Closed ipendlet closed 5 years ago
Resolved the flagged issue by @jschrier . @gcatabr1 will generate a new perov_desc.csv (which contains the calculated features) in response. These will be committed to both capture and report master.
Generated new perov_desc.csv(5) file based on updated SMILES. Added to master.
Request by @jschrier to ensure that the smiles string representations in the chemicals dataframe are correctly (consistently) implemented.
Why: We're calculating large swaths of descriptors wrong by using inconsistent protonation conventions. Subsequent impacts on ML performance.

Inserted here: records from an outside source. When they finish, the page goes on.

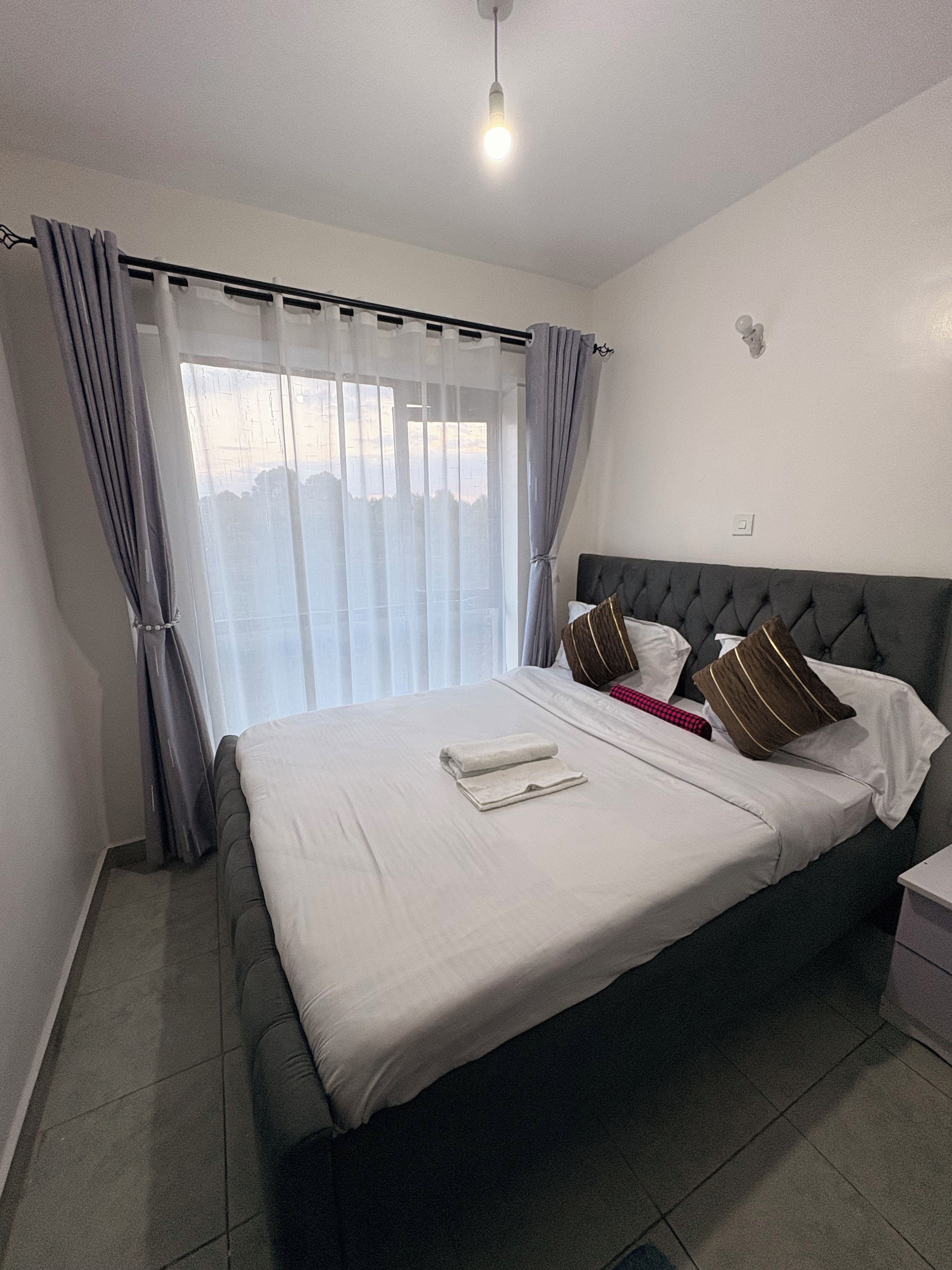 A hotel room with a large bed, curtains, a bedside table, and a nightstand.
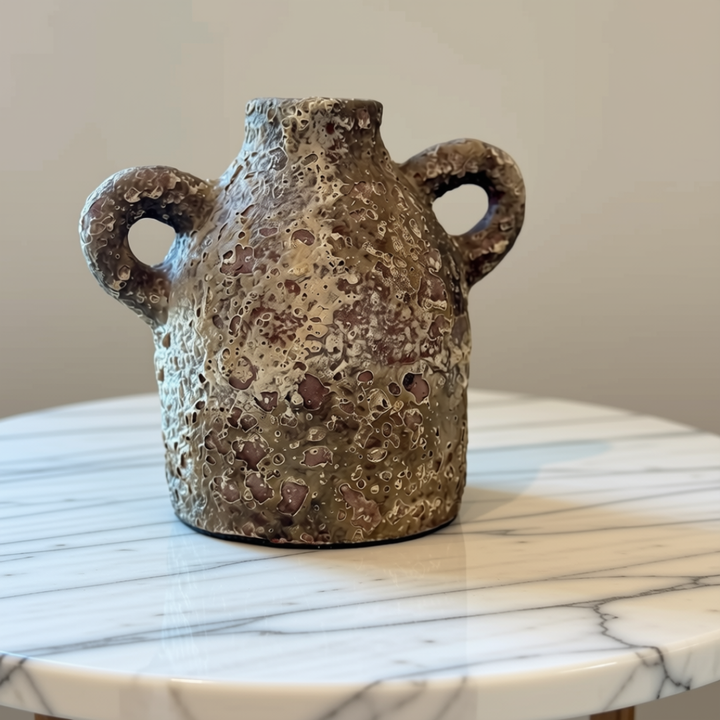 A handmade stone vase with a textured, speckled finish in earthy brown, beige, and gray tones, featuring two loop handles, displayed on a white marble-topped table against a neutral beige wall.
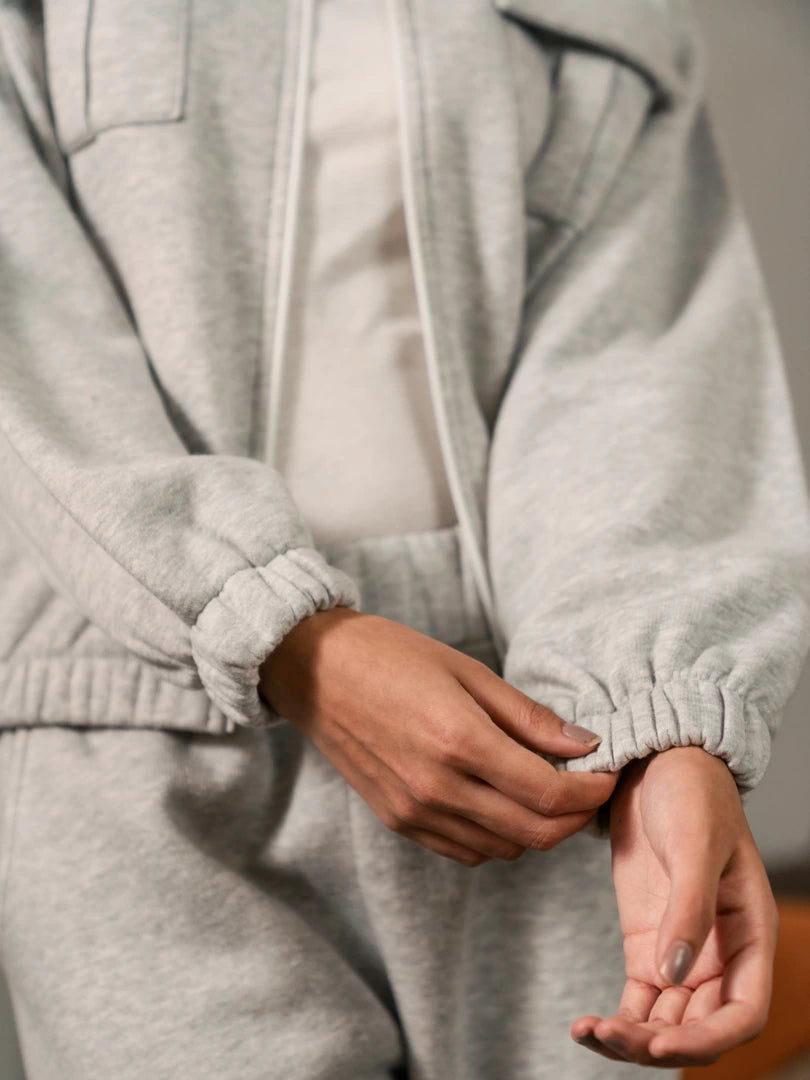 Detail view of the Varley Heather Grey zip-up jacket showing the sleeves, cuffs and front fastening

How: Adopt a consistent data representation (e.g.
CC[CH3+].[I-]
) by modifying the data in the Chemical Inventory google sheet. A brief discussion with @Michael Tynes seemed to indicate that ESCALATE does not rely on SMILES strings (with the exception of use in calculating the features in ChemAxon, which is exactly what we want it to change).Test: We expect
_feat
to change (and be less wrong)._rxn
outputs should remain the same.Impact: We're doing it inconsistently. We already use these reps for the majority of organics, so there is no data handling problems. It's just a question of whether there are other links or keys that use smiles. For the most part, InChIKeys are used, and those remain unchanged
Estimate dev time: Very low. Data change. Test development. There shouldn't be anything that this breaks. If there is, that's a bigger problem that we'll want to know about ahead of the summit.
Priority: High. I'd rather that this doesn't wait until the end of the month.